If the sock company goes further by removing the customer IDs, the information in the database will become “aggregated.” At that point, the sock company can use the data only to generate statistics about how many socks were sold, and the sock company does not know which purchase was attributable to which individual. (If you want to explore the spectrum of de-identification methods, the Future of Privacy Forum’s A Visual Guide to Practical Data De-Identification is a useful point of reference.)
Consider these terms in the context of the California Consumer Privacy Act’s (CCPA) definition of personal information:
“[I]nformation that identifies, relates to, describes, is capable of being associated with, or could reasonably be linked, directly or indirectly, with a particular consumer or household….Personal information includes… unique personal identifier…Internet Protocol address…Internet or other electronic network activity information, including, but not limited to, browsing history, search history, and information regarding a consumer’s interaction with an Internet Web site, application, or advertisement…Audio, electronic, visual, thermal, olfactory, or similar information…[and] Inferences drawn from any of the information identified in this subdivision to create a profile about a consumer reflecting the consumer’s preferences, characteristics, psychological trends, predispositions, behavior, attitudes, intelligence, abilities, and aptitudes.”
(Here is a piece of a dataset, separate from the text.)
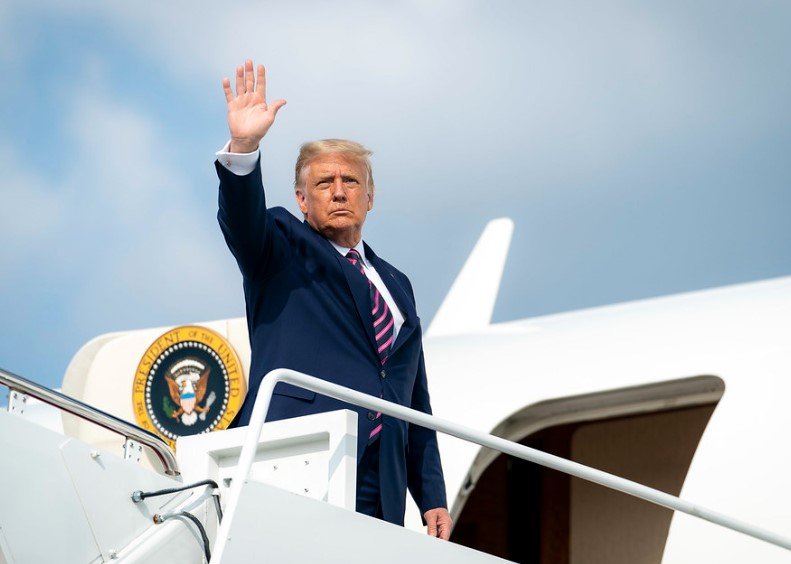 Donald Trump boarding Air Force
This is a huge range of information. In our sock company example, the database containing only my customer ID and purchase history would still be personal information, and subject to the CCPA, because the customer ID is designed to be a “unique personal identifier.” Similarly, cookie data capturing only device IDs or IP addresses will be considered personal information, even if the company never knows the names of the individuals behind those identifiers.
Another factor in determining whether data has been effectively “de-identified” is the acceptable risk of re-identification. One element that increases the risk of re-identification is the possibility that a supposedly de-identified data set can be matched with other data maintained by the same organization or a downstream recipient.
If the sock company creates the pseudonymous database but keeps the original records containing my name and telephone number, the sock company could easily re-identify the pseudonymous database by matching customer IDs to the separately stored names.
We are not suggesting that de-identification is impossible under modern data privacy law, but if you intend to rely on de-identification to mitigate your compliance obligations, you should:
- understand what degree of de-identification is necessary under applicable law to transform personal information into de-identified information; and
- scrutinize the proposed method of de-identification carefully and consider all of the ways (regardless of their likelihood) that the information might be re-identified—including within your own organization or by third parties.
Finally, beware of claims that information will be de-identified based simply on the notion that direct identifiers like name and address will be removed. The sock example above illustrates that merely removing direct identifiers likely will not suffice under the CCPA and similar statutes.